═══ Data shown

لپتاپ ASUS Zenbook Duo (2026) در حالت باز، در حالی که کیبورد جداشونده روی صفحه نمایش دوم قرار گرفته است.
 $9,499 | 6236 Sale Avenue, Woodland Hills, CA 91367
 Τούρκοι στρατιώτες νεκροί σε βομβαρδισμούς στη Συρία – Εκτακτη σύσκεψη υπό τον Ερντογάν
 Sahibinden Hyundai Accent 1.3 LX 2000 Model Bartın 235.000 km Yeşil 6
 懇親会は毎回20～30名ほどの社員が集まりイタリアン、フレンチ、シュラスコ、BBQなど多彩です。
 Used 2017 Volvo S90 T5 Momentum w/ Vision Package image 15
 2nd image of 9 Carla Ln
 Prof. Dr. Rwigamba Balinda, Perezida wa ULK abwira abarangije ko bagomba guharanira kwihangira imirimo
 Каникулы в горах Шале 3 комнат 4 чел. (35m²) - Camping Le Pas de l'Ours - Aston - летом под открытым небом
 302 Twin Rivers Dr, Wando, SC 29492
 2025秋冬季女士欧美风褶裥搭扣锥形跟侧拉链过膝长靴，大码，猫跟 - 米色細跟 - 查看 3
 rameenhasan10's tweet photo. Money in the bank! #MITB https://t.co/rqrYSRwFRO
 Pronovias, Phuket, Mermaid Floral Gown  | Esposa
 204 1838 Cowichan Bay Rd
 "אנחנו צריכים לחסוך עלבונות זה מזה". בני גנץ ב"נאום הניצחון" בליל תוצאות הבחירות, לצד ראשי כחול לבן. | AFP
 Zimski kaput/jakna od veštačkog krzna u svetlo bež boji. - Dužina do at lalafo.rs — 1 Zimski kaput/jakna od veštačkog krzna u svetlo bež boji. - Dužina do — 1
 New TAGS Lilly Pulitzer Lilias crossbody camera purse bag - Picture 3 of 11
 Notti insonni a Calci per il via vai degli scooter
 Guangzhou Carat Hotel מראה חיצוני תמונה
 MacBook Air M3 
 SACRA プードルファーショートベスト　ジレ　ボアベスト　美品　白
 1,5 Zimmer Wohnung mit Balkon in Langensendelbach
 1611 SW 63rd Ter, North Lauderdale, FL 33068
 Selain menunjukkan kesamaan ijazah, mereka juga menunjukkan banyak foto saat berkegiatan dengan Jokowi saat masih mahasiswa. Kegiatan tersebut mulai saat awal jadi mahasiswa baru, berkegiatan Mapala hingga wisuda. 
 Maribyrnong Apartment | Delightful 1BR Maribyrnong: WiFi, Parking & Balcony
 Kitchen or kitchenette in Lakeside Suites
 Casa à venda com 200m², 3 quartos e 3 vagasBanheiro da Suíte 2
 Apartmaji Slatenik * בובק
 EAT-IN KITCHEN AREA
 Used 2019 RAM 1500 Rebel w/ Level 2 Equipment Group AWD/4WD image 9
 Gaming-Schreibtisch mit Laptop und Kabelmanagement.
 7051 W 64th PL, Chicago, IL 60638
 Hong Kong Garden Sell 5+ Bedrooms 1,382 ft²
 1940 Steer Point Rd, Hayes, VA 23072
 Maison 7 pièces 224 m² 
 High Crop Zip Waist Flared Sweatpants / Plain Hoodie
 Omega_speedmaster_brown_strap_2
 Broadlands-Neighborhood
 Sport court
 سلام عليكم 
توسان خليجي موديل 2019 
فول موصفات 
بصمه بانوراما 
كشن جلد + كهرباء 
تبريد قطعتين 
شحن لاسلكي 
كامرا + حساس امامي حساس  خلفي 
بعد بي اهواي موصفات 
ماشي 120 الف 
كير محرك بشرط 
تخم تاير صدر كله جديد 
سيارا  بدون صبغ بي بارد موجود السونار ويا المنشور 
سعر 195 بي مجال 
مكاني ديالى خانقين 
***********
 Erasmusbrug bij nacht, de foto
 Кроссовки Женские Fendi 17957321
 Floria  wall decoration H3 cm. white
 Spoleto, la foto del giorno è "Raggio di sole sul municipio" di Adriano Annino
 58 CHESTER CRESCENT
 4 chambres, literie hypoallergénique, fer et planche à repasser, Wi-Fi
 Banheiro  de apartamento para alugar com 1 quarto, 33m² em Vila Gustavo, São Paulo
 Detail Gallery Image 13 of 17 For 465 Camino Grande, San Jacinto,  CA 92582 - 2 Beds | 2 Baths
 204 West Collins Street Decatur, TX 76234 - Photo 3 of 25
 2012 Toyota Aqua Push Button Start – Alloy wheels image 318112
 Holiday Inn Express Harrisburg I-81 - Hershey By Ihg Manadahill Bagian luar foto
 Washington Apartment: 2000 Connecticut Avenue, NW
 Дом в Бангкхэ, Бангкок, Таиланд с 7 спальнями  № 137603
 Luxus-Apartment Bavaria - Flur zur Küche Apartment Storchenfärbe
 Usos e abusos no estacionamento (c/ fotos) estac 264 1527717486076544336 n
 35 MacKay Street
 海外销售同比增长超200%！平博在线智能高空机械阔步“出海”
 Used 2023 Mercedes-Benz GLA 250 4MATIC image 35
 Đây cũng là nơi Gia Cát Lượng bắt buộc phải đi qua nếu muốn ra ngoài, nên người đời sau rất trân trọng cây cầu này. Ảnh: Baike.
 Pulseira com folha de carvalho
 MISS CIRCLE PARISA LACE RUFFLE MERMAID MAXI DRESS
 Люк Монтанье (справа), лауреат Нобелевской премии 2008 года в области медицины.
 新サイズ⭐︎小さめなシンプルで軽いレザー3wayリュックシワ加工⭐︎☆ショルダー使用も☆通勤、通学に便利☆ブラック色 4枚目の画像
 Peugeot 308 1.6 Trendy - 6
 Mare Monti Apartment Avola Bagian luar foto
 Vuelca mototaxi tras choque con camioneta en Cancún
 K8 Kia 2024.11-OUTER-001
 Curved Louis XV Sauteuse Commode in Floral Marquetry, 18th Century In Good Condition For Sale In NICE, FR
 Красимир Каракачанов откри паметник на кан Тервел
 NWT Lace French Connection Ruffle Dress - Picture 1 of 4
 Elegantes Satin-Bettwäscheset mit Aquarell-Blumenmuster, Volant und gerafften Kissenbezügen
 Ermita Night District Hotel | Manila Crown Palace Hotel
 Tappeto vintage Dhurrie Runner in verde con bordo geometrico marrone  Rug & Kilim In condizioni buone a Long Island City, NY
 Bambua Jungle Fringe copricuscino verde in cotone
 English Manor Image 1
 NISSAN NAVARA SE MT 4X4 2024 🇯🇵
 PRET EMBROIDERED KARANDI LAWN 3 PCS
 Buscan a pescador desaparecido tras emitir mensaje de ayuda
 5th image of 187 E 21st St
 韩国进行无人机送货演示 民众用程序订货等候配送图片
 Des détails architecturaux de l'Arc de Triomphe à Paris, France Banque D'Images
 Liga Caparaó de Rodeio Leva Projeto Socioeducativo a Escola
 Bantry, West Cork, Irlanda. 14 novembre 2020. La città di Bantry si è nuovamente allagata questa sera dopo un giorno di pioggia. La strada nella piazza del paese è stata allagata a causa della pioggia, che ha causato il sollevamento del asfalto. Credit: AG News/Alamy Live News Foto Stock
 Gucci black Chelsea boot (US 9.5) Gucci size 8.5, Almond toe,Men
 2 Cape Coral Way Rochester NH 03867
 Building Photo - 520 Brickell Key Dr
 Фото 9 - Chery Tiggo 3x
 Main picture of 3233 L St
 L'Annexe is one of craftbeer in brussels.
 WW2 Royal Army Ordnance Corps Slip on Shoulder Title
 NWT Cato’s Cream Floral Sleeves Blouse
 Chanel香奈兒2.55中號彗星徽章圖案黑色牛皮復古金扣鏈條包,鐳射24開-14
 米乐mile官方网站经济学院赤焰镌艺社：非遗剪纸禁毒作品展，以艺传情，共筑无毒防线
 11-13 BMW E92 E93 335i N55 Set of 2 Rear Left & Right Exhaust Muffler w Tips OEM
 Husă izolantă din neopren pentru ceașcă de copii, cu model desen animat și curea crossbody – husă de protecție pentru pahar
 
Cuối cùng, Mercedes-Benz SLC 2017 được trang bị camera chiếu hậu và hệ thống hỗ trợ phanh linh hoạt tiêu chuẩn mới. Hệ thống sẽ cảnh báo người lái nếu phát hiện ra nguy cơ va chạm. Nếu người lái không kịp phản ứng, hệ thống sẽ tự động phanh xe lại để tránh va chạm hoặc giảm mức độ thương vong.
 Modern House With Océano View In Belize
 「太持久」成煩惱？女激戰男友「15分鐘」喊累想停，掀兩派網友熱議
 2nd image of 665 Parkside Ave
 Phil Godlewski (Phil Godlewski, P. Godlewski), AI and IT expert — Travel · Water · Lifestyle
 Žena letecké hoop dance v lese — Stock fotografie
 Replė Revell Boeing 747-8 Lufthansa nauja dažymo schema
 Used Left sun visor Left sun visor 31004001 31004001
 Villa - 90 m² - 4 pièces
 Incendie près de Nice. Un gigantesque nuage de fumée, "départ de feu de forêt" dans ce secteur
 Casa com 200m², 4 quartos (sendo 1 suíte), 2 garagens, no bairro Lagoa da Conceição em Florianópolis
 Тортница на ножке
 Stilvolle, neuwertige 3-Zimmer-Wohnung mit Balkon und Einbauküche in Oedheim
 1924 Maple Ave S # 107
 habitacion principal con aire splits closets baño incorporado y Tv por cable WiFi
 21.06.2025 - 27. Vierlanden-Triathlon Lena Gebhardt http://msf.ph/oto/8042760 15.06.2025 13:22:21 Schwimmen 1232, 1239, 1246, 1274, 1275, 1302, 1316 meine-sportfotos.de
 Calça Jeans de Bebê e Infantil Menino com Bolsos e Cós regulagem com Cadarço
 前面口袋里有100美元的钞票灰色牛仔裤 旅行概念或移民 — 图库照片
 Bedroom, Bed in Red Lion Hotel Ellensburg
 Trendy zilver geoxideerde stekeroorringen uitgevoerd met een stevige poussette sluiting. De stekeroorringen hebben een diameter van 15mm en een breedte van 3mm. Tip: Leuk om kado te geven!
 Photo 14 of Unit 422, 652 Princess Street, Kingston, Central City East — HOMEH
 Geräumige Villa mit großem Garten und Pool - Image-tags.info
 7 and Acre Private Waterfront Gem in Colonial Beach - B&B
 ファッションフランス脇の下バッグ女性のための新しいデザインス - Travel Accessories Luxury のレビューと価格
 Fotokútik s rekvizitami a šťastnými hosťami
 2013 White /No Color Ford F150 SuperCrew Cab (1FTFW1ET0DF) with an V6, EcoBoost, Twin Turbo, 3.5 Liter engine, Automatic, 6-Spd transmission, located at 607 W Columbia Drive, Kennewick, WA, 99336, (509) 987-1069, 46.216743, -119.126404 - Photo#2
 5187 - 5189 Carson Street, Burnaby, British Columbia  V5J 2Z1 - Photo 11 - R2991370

══════

Everything from the line with "Used 2023 Mercedes-Benz" through the line with "Tappeto vintage Dhurrie" in the listing above must be retyped exactly, with nothing added.

 Used 2023 Mercedes-Benz GLA 250 4MATIC image 35
 Đây cũng là nơi Gia Cát Lượng bắt buộc phải đi qua nếu muốn ra ngoài, nên người đời sau rất trân trọng cây cầu này. Ảnh: Baike.
 Pulseira com folha de carvalho
 MISS CIRCLE PARISA LACE RUFFLE MERMAID MAXI DRESS
 Люк Монтанье (справа), лауреат Нобелевской премии 2008 года в области медицины.
 新サイズ⭐︎小さめなシンプルで軽いレザー3wayリュックシワ加工⭐︎☆ショルダー使用も☆通勤、通学に便利☆ブラック色 4枚目の画像
 Peugeot 308 1.6 Trendy - 6
 Mare Monti Apartment Avola Bagian luar foto
 Vuelca mototaxi tras choque con camioneta en Cancún
 K8 Kia 2024.11-OUTER-001
 Curved Louis XV Sauteuse Commode in Floral Marquetry, 18th Century In Good Condition For Sale In NICE, FR
 Красимир Каракачанов откри паметник на кан Тервел
 NWT Lace French Connection Ruffle Dress - Picture 1 of 4
 Elegantes Satin-Bettwäscheset mit Aquarell-Blumenmuster, Volant und gerafften Kissenbezügen
 Ermita Night District Hotel | Manila Crown Palace Hotel
 Tappeto vintage Dhurrie Runner in verde con bordo geometrico marrone  Rug & Kilim In condizioni buone a Long Island City, NY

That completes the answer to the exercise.